Жизнь Петра Никитина, крупного и яркого архитектора,
градостроителя, складывалась неровно, трудно. Он происходил из семьи
потомственных художников. Его отца в своё время отправил в Голландию учиться
живописи сам царь Пётр. И царь же особенно ценил дядю будущего зодчего, лучшего
портретиста эпохи Ивана Никитина. В полотнах этого мастера соединялись мастерство
европейской реалистической школы и эпичность старинной нашей парсуны.
Во времена императрицы Анны Иоанновны её фаворит,
бывший парикмахер Бирон возглавил кампанию против русской родовой знати и
сподвижников государя Петра Первого. Художников
братьев Никитиных обвинили в заговоре, намерении свергнуть властительницу с
престола. Их пытали, вырвали ноздри, как особо опасным преступникам, и сослали
в Сибирь вместе с семьями. Именно в ссылке, ещё ребенком, будущий строитель
Твери Пётр Никитин получал первые уроки живописи и точных наук у своего дяди и
отца.
В тысяча семьсот сорок первом году произошёл
дворцовый переворот. Гвардия возвела на престол императрицу Елизавету. Дочь
Петра вернула всех опальных, ссыльных. Среди них были и Никитины. Иван, «первая
кисть» эпохи, умирает в дороге. Его брат Роман с сыном Петром селится в Москве.
Наученный страшным опытом, он уже избегает близости двора, Петербурга.
Здесь, в Москве, Пётр Никитин продолжил свою учёбу.
Его учителем стал крупнейший архитектор князь Ухтомский. Его лучшие создания –
колокольня Троице-Сергиевой Лавры и уничтоженные большевиками Красные ворота в первопрестольной.

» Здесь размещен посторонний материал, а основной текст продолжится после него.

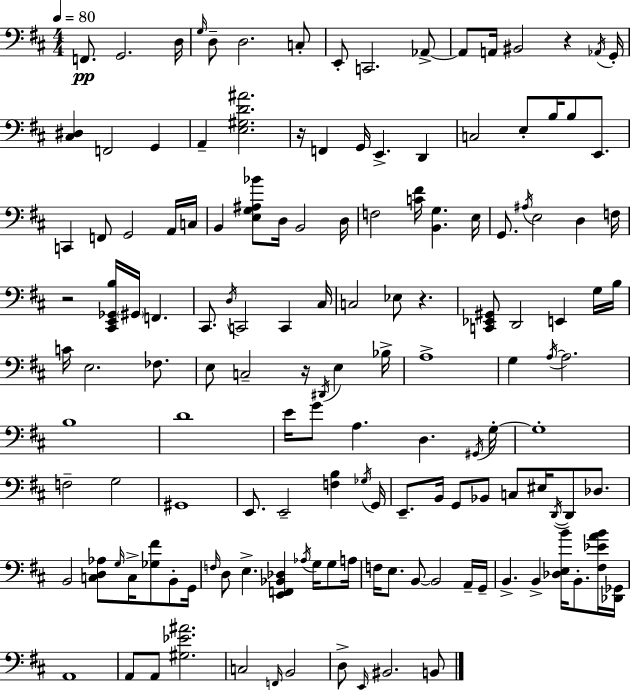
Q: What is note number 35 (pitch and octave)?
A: B2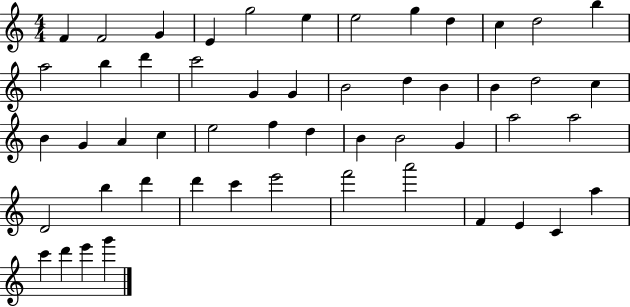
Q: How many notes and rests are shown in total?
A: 52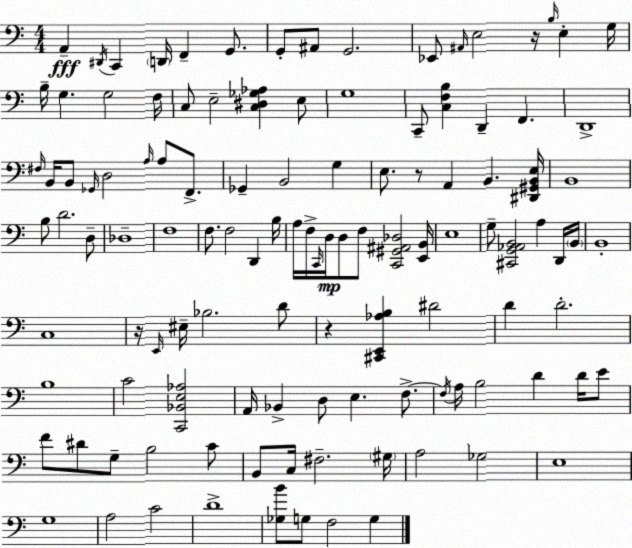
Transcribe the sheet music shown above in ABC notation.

X:1
T:Untitled
M:4/4
L:1/4
K:C
A,, ^D,,/4 C,, D,,/4 F,, G,,/2 G,,/2 ^A,,/2 G,,2 _E,,/2 ^A,,/4 E,2 z/4 B,/4 E, G,/4 B,/4 G, G,2 F,/4 C,/2 E,2 [C,^D,_G,_A,] E,/2 G,4 C,,/2 [C,F,B,] D,, F,, D,,4 ^F,/4 B,,/4 B,,/2 _G,,/4 D,2 A,/4 A,/2 F,,/2 _G,, B,,2 G, E,/2 z/2 A,, B,, [^D,,^G,,B,,E,]/4 B,,4 B,/2 D2 D,/2 _D,4 F,4 F,/2 F,2 D,, B,/4 A,/4 F,/4 C,,/4 D,/4 D,/2 F,/2 [C,,^G,,^A,,_D,]2 [E,,B,,]/4 E,4 G,/2 [^C,,G,,_A,,B,,]2 A, D,,/4 B,,/4 B,,4 C,4 z/4 E,,/4 ^E,/4 _B,2 D/2 z [^C,,E,,_A,B,] ^D2 D D2 B,4 C2 [C,,_B,,E,_A,]2 A,,/4 _B,, D,/2 E, F,/2 F,/4 A,/4 B,2 D D/4 E/2 F/2 ^D/2 G,/2 B,2 C/2 B,,/2 C,/4 ^F,2 ^G,/4 A,2 _G,2 E,4 G,4 A,2 C2 D4 [_G,B]/2 G,/2 F,2 G,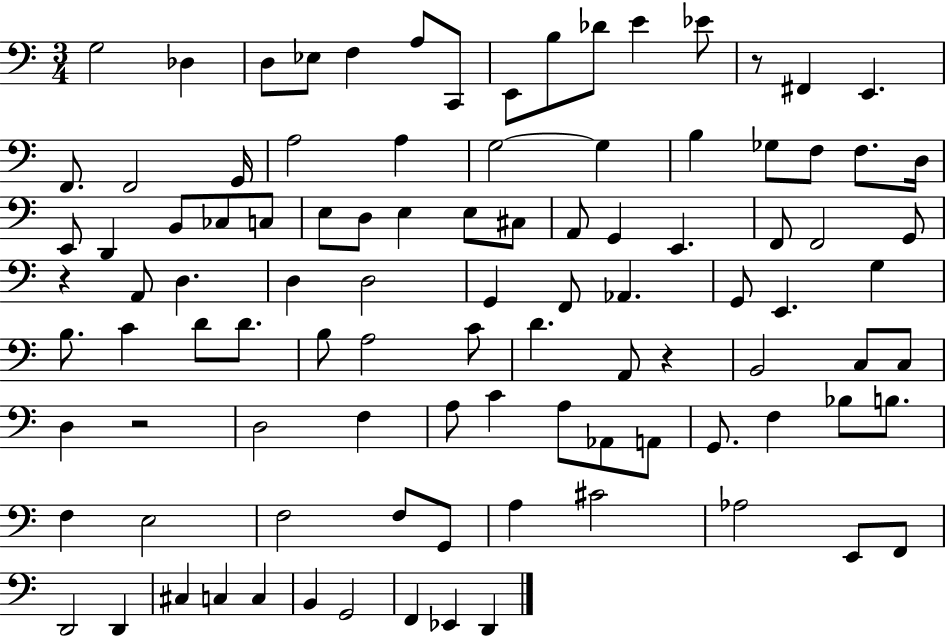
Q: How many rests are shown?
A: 4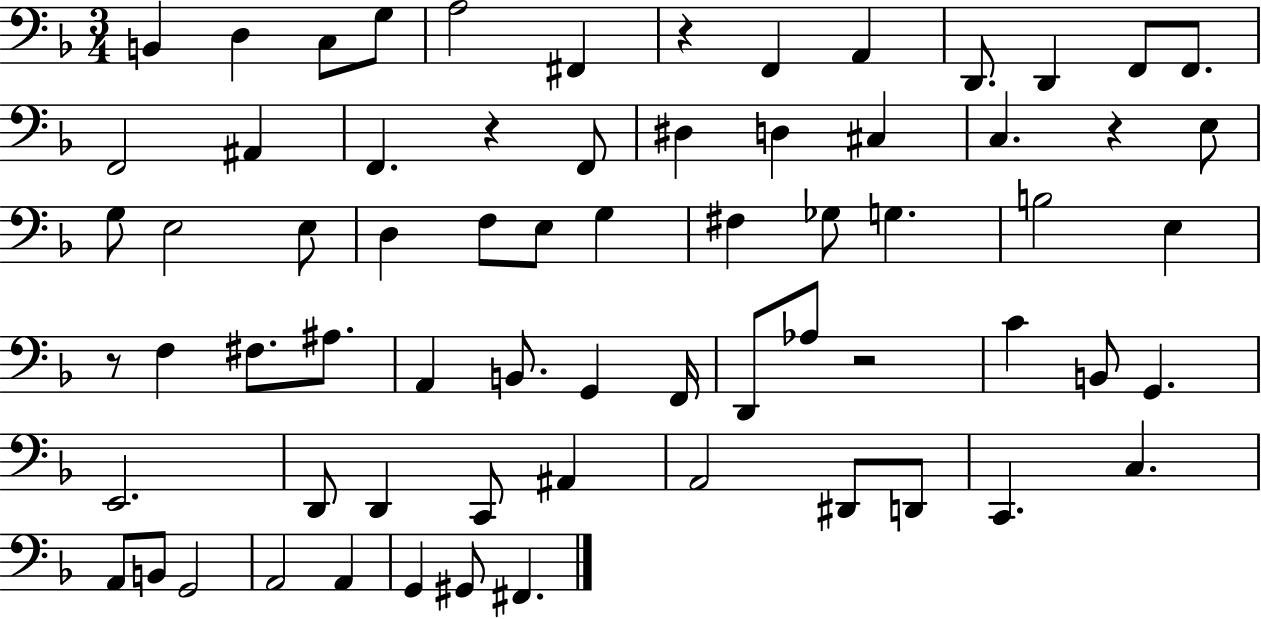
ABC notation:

X:1
T:Untitled
M:3/4
L:1/4
K:F
B,, D, C,/2 G,/2 A,2 ^F,, z F,, A,, D,,/2 D,, F,,/2 F,,/2 F,,2 ^A,, F,, z F,,/2 ^D, D, ^C, C, z E,/2 G,/2 E,2 E,/2 D, F,/2 E,/2 G, ^F, _G,/2 G, B,2 E, z/2 F, ^F,/2 ^A,/2 A,, B,,/2 G,, F,,/4 D,,/2 _A,/2 z2 C B,,/2 G,, E,,2 D,,/2 D,, C,,/2 ^A,, A,,2 ^D,,/2 D,,/2 C,, C, A,,/2 B,,/2 G,,2 A,,2 A,, G,, ^G,,/2 ^F,,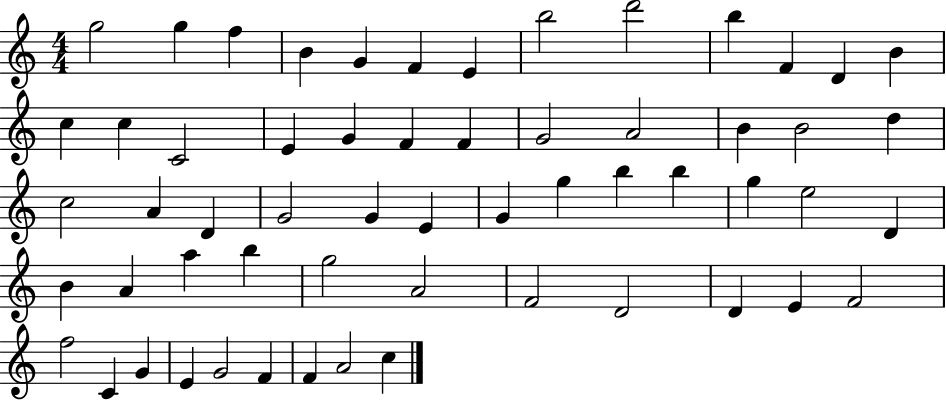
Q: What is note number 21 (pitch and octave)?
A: G4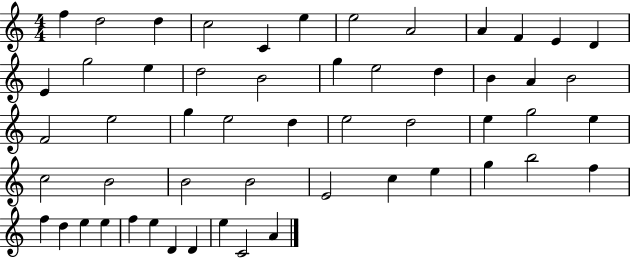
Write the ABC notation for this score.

X:1
T:Untitled
M:4/4
L:1/4
K:C
f d2 d c2 C e e2 A2 A F E D E g2 e d2 B2 g e2 d B A B2 F2 e2 g e2 d e2 d2 e g2 e c2 B2 B2 B2 E2 c e g b2 f f d e e f e D D e C2 A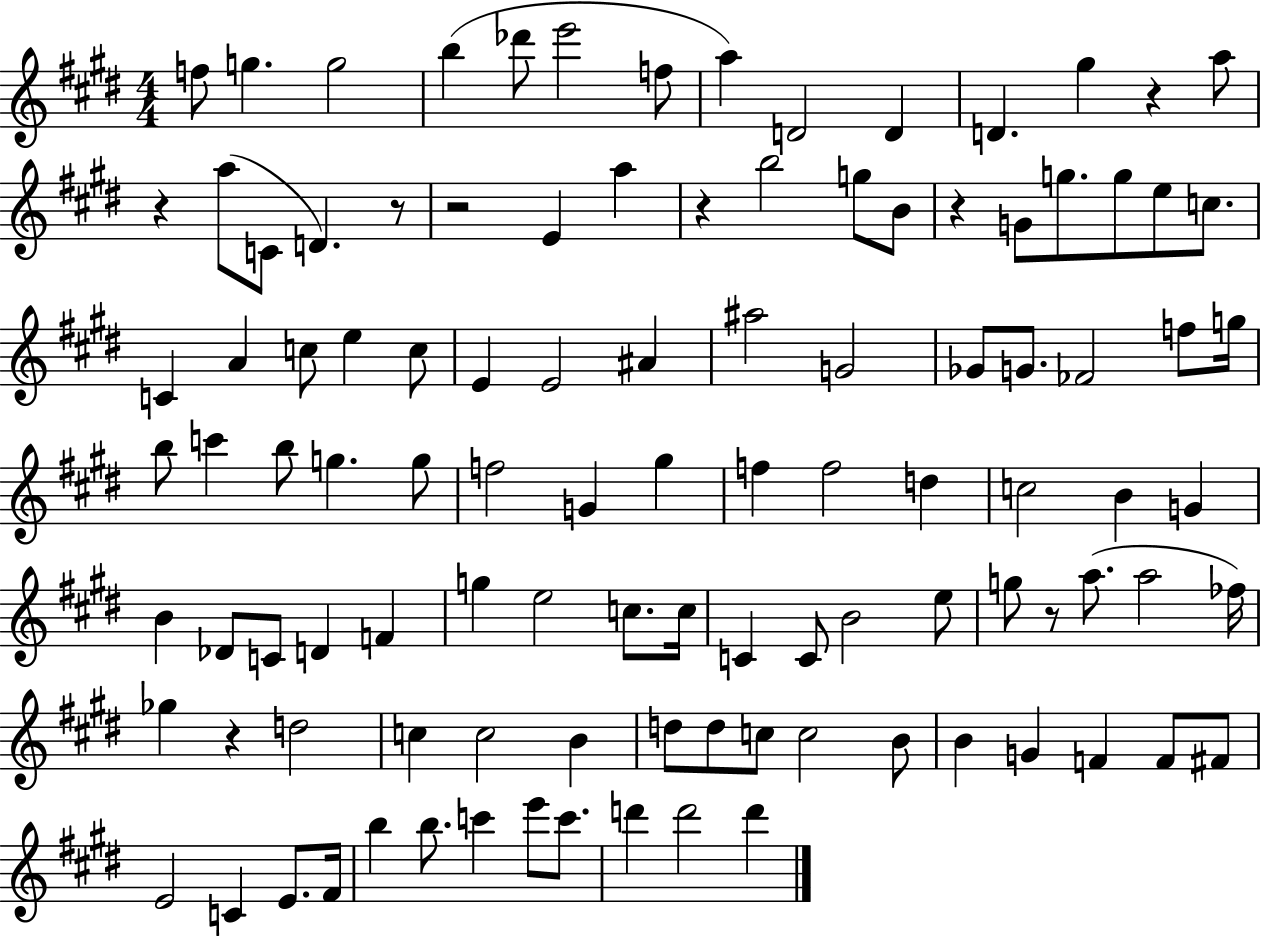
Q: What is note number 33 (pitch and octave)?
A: E4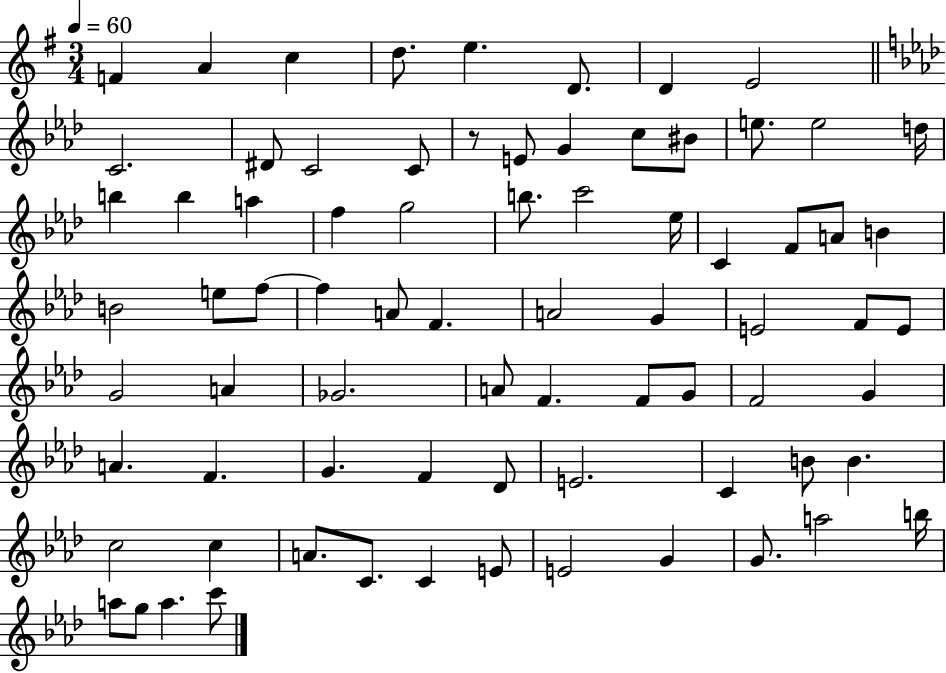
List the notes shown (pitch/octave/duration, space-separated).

F4/q A4/q C5/q D5/e. E5/q. D4/e. D4/q E4/h C4/h. D#4/e C4/h C4/e R/e E4/e G4/q C5/e BIS4/e E5/e. E5/h D5/s B5/q B5/q A5/q F5/q G5/h B5/e. C6/h Eb5/s C4/q F4/e A4/e B4/q B4/h E5/e F5/e F5/q A4/e F4/q. A4/h G4/q E4/h F4/e E4/e G4/h A4/q Gb4/h. A4/e F4/q. F4/e G4/e F4/h G4/q A4/q. F4/q. G4/q. F4/q Db4/e E4/h. C4/q B4/e B4/q. C5/h C5/q A4/e. C4/e. C4/q E4/e E4/h G4/q G4/e. A5/h B5/s A5/e G5/e A5/q. C6/e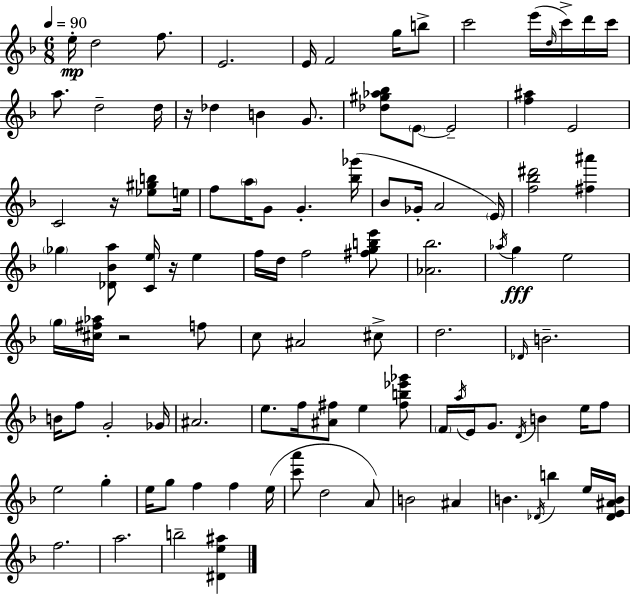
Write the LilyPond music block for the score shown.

Князь Ухтомский возглавлял тогда архитектурное
ведомство Москвы. И вскоре Пётр Никитин становится его «правой рукой», а после
ухода учителя принимает команду. Но строить в Москве по тем временам было
нечего. Работы сводились к починке обветшавших зданий.
Шло время. Очередной дворцовый переворот возвёл на
трон Екатерину Вторую. И сразу после этого в Твери
случился страшный пожар. Он выжег средневековую деревянную и довольно хаотичную
застройку почти полностью. Царица повелела незамедлительно отстроить этот
важнейший, стоящий на главном внутреннем пути Империи и связующий обе столицы
город. Поручено это московской архитектурной команде.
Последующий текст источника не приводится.